Repeat the listing below exactly from the line with "Summer Steel Toe" through its last line. Skip every picture.

== == ==

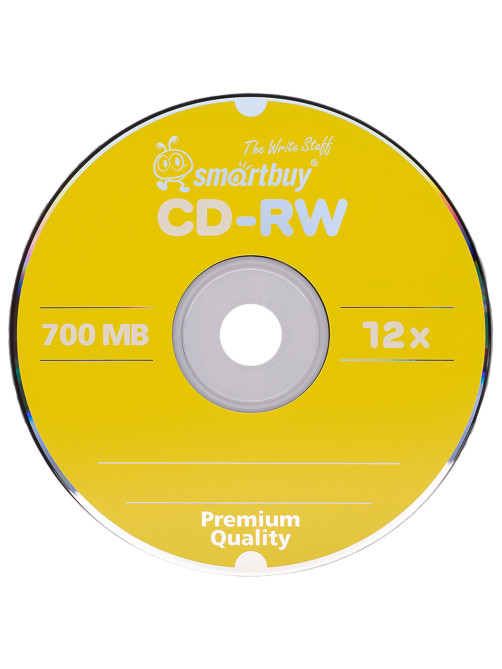 Диски CD-RW SMARTBUY, 700 Мб, 4-12x, Cake Box (упаковка на шпиле), КОМПЛЕКТ 10 шт., SBCD-RW10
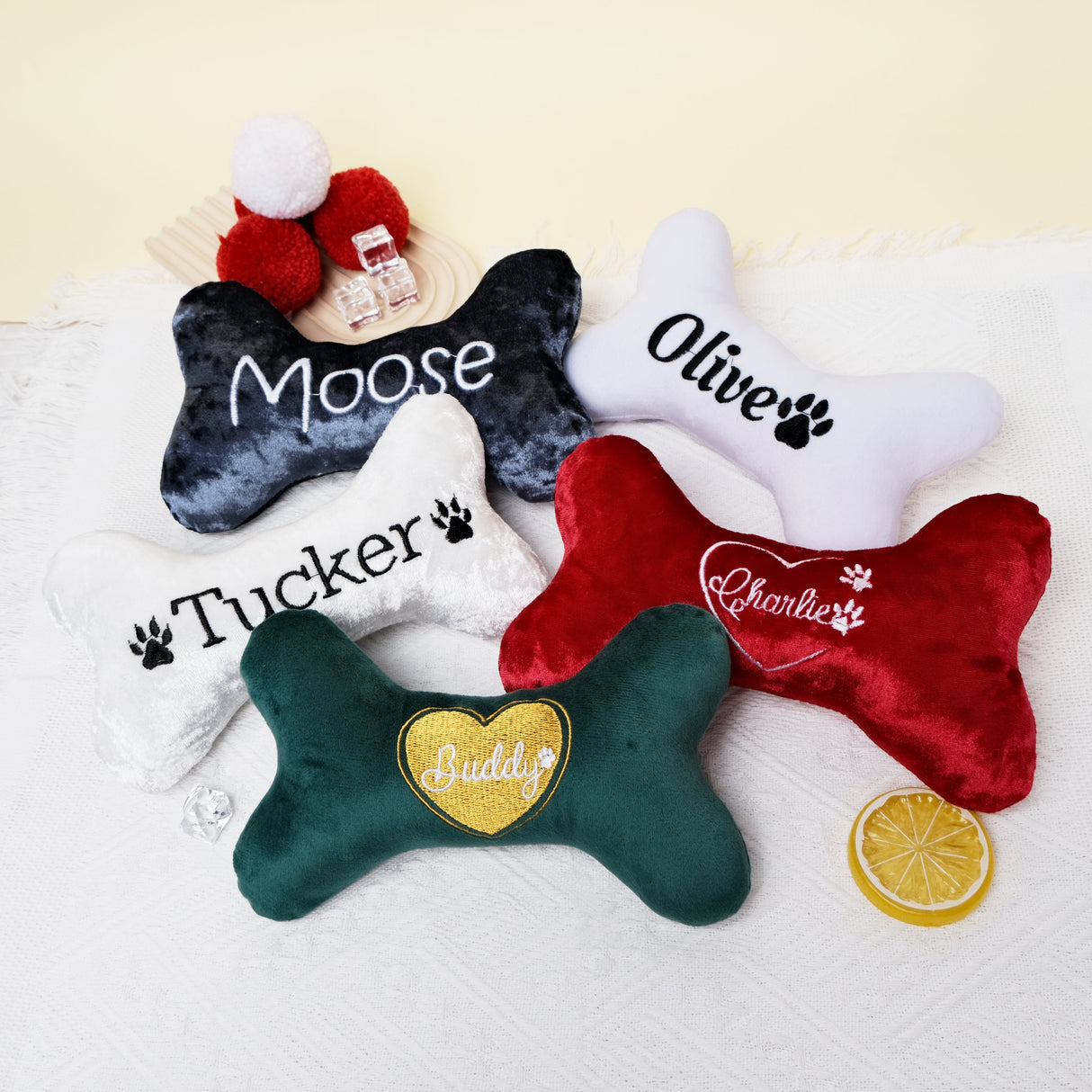Personalized Dog Toy with Name Embroidered Pet Toy - GexWorldwide
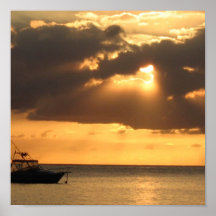 Oualie SunsetIV Affiche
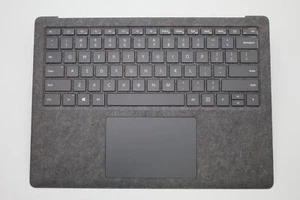 Microsoft Surface Laptop 3 1867 Series Grey Top Cover US English - Afbeelding 1 van 2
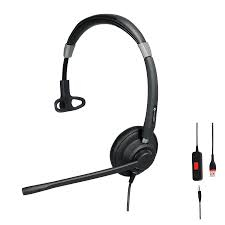 Alcatel-Lucent ARIES20 II Series AH21 M II Headset Wired Telephone Headset with Noise-Canceling Mic for Office & Call Center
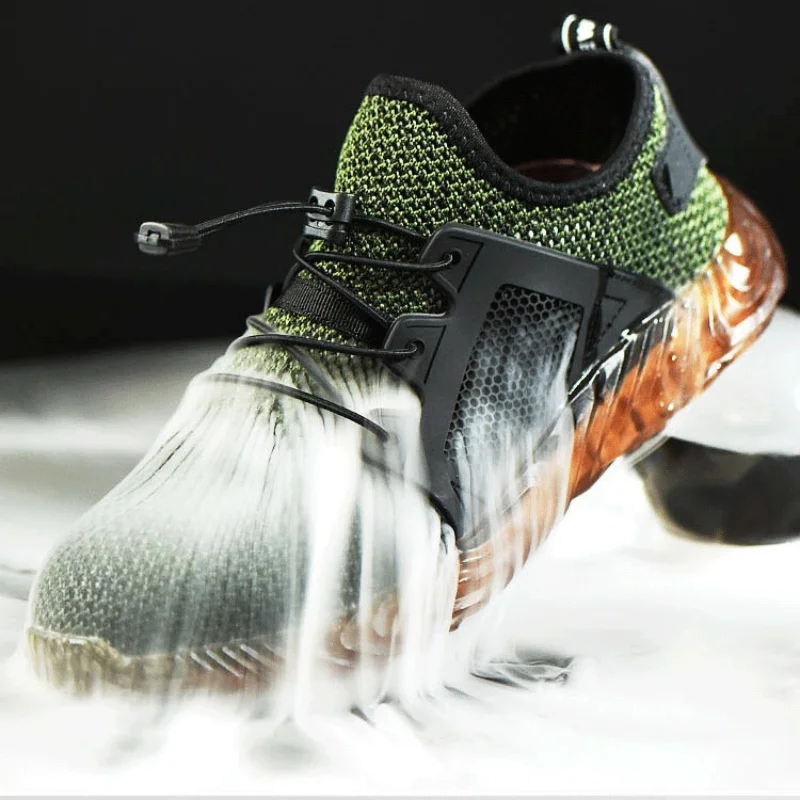 Summer Steel Toe Cap Safety Work Shoes for Men Anti Smashing Anti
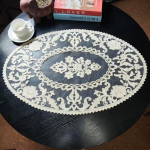 Hiina klassikaline ovaalne tikitud v&auml;ike &uuml;mmargune laudlina k&ouml;&ouml;k kohvik teekomplekt puuviljaalus Lauamatt Pulmaplatsimati teibid 44x65cm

== == ==

# THE COMPLETED TASK:
 Summer Steel Toe Cap Safety Work Shoes for Men Anti Smashing Anti
 Hiina klassikaline ovaalne tikitud v&auml;ike &uuml;mmargune laudlina k&ouml;&ouml;k kohvik teekomplekt puuviljaalus Lauamatt Pulmaplatsimati teibid 44x65cm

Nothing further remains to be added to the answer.